Interest expense was $1.8 million in the first quarter of 2017. Our effective tax rates for the three months
ended March 31, 2017 and 2016 were 25.1% and 33.9%, respectively. The company’s effective tax rate for the three months ended March
31, 2017 is lower primarily due to excess tax benefits from stock-based compensation, due to the of adoption of ASU 2016-09, being
recognized as a reduction to the provision for income taxes (see Table 3), along with lower tax rates in certain jurisdictions.

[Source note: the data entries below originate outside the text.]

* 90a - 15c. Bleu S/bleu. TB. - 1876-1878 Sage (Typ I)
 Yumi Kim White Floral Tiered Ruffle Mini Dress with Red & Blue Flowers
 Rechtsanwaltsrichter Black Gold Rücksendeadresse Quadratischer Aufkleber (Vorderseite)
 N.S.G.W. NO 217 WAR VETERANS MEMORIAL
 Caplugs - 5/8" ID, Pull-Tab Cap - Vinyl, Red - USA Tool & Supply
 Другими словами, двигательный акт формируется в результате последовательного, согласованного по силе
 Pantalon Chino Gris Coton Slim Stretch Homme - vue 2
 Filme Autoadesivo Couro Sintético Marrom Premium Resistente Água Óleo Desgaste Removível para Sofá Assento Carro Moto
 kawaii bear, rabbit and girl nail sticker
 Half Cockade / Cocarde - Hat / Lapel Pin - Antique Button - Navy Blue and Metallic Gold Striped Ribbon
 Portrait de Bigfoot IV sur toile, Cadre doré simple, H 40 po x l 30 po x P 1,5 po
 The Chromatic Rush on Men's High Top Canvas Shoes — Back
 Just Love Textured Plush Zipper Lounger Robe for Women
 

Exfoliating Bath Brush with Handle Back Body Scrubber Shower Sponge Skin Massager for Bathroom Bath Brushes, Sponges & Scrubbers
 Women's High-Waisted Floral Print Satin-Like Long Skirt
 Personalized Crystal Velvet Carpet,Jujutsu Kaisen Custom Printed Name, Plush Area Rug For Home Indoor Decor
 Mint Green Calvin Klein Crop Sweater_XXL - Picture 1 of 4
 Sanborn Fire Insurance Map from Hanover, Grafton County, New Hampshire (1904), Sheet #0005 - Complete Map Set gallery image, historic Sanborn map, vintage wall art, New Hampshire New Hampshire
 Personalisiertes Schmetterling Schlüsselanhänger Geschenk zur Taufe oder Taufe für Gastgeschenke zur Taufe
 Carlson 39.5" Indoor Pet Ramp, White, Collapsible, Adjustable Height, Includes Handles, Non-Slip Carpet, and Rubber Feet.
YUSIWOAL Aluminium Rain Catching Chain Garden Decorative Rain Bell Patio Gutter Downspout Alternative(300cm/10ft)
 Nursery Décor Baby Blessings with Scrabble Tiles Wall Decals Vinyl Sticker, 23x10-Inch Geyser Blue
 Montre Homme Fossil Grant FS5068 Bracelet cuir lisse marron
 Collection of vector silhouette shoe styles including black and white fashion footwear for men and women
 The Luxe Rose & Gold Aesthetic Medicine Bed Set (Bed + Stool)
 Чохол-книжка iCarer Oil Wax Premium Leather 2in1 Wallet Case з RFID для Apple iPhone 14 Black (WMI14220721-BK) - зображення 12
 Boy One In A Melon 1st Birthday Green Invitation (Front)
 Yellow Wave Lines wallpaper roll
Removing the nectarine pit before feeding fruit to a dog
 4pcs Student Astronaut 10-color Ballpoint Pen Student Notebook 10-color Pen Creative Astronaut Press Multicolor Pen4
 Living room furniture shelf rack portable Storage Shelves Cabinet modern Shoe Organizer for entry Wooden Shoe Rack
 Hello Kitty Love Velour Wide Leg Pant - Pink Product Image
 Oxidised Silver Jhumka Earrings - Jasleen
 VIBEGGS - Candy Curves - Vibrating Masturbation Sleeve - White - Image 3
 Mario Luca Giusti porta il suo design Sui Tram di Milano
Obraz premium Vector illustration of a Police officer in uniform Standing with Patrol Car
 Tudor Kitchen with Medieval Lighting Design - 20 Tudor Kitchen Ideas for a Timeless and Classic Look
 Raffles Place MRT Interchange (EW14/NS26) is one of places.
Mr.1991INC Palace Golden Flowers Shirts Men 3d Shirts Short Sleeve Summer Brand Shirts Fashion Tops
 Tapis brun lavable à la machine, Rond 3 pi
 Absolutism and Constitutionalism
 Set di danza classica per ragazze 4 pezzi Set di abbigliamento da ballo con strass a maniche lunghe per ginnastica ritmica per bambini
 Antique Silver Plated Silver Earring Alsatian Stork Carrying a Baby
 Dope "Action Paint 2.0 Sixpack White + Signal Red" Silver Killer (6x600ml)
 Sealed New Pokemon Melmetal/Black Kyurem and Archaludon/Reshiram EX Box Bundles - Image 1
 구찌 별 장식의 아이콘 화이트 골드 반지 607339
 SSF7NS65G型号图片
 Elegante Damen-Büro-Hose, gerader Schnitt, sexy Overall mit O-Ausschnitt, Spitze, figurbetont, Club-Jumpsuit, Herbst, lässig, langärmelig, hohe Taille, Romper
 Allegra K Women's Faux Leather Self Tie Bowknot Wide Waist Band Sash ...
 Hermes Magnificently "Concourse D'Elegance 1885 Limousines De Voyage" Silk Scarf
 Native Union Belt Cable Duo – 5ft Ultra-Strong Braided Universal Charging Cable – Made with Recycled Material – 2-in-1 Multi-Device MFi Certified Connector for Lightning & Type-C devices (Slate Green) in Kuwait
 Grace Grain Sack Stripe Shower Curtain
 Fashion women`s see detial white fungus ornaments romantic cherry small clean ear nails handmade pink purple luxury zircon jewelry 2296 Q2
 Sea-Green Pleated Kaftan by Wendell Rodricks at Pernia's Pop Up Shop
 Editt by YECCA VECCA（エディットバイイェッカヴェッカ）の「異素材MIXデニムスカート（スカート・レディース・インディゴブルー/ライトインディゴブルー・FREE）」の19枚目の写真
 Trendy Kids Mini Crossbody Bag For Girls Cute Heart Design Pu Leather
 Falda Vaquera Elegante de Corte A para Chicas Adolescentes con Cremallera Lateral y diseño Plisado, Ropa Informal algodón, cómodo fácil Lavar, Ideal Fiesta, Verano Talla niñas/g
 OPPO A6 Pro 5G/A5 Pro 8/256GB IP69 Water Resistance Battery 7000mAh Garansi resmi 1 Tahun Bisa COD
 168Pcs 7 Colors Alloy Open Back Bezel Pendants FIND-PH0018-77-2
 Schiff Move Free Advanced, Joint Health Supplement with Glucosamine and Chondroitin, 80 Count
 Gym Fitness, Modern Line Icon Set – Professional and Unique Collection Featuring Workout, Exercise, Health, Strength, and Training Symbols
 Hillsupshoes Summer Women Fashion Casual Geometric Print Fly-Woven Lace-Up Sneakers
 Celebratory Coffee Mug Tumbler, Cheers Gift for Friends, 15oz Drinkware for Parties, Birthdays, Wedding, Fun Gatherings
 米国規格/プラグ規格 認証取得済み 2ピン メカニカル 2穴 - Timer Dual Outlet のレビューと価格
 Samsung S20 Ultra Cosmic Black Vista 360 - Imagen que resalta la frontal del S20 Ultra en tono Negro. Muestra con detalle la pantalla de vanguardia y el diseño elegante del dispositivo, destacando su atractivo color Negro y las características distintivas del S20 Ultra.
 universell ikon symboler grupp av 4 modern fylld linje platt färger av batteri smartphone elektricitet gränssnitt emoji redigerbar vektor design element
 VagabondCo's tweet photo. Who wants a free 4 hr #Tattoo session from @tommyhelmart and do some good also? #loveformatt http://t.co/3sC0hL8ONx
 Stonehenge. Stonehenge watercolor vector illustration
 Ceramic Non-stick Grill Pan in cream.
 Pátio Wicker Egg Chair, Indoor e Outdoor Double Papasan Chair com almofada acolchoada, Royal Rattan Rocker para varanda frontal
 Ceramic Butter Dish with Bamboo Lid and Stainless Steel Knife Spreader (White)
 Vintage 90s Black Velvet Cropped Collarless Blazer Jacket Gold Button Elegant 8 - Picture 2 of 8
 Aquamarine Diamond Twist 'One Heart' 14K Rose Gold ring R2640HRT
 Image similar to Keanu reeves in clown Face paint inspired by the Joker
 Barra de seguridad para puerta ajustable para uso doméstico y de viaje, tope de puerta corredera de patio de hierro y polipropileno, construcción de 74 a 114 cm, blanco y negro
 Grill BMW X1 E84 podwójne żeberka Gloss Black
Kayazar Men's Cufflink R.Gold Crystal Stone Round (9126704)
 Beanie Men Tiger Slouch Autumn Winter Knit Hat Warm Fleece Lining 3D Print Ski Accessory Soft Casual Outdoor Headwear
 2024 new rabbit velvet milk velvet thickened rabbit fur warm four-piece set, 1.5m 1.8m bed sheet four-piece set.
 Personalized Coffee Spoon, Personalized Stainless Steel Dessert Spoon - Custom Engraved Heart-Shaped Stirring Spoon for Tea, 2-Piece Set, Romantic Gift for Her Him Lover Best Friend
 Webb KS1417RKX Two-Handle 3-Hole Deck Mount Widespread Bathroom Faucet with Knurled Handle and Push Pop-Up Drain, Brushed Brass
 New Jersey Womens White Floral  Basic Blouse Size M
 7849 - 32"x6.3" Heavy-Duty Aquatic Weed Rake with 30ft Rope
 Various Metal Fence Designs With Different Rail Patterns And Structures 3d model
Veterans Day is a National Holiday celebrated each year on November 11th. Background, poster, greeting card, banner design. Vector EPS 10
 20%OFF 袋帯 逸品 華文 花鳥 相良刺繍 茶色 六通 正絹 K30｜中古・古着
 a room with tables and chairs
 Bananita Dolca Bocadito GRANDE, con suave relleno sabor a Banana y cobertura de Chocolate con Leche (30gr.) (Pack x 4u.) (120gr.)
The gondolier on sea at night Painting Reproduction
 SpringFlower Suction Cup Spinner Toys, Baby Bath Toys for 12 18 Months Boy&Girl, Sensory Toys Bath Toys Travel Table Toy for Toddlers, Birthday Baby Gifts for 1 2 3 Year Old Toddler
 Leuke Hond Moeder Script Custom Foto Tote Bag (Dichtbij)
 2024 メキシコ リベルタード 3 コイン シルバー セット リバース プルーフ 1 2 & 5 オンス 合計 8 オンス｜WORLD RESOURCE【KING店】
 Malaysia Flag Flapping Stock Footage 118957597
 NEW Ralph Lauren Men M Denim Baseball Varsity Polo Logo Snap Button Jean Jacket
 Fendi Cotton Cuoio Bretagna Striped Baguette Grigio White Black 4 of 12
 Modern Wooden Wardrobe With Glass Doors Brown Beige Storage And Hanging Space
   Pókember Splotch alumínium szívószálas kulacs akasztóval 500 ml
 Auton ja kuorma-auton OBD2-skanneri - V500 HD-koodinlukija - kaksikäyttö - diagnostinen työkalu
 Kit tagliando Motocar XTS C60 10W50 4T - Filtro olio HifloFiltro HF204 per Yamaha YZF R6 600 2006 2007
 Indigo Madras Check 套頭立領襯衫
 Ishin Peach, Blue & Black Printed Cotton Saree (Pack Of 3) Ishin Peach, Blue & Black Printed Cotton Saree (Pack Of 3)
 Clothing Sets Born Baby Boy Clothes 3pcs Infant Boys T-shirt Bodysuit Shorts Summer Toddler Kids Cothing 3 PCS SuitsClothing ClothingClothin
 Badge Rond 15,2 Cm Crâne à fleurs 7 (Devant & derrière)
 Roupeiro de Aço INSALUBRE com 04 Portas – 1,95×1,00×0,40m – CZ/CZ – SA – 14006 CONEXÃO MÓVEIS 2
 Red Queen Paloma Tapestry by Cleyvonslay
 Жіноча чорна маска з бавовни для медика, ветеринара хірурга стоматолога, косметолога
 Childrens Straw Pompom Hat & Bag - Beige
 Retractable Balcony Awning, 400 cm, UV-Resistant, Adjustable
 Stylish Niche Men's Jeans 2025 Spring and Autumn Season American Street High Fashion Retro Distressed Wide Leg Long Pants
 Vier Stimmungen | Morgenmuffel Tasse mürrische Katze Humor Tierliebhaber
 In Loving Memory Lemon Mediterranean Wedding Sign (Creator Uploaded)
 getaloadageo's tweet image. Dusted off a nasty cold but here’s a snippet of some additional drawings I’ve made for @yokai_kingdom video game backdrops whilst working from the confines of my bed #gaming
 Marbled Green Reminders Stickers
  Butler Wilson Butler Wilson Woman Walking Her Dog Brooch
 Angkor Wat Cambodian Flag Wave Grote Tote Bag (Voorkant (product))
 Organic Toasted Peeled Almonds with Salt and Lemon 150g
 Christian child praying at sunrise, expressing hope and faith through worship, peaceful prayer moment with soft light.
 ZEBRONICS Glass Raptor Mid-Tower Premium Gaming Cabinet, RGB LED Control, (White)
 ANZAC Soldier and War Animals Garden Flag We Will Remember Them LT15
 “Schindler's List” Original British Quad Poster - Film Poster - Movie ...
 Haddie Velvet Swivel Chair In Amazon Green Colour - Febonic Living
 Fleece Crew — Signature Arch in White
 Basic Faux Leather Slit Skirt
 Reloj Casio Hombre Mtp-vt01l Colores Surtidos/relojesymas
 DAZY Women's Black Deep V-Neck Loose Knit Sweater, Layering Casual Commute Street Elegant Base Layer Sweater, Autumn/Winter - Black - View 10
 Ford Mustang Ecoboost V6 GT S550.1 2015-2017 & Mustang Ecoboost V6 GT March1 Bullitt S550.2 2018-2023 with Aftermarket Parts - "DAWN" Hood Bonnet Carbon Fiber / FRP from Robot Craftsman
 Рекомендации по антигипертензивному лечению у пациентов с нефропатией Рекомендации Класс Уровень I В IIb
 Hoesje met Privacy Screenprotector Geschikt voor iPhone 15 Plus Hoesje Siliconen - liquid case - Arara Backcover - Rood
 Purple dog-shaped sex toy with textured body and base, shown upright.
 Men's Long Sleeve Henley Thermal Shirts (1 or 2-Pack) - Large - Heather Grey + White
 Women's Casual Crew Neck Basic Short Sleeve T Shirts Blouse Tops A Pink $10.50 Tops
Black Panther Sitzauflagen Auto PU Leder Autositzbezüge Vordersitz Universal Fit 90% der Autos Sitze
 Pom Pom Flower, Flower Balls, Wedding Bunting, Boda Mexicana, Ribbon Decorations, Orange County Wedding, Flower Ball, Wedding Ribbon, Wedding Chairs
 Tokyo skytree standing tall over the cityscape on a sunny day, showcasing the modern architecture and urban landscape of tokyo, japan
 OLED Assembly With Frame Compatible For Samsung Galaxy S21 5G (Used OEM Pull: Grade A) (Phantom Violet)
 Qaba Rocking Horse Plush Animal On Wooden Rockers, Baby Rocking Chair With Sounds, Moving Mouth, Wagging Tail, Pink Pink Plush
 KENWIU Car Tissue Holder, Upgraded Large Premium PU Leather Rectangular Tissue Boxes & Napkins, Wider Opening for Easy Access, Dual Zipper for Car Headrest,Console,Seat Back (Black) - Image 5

For the quarter ended March 31, 2017, cash flows provided by operating activities were $22.8 million, and free
cash flow was $19.9 million. The $102.2 million of net working capital on March 31, 2017 included a cash balance of $37.0 million,
which reflects scheduled and accelerated net principal payments on long-term debt and the revolving loan of $11.8 million,
dividends paid of $12.1 million and capital expenditures of $2.9 million in the first quarter of 2017. The Company continues to
invest in projects across all facilities to improve capabilities and operating efficiencies.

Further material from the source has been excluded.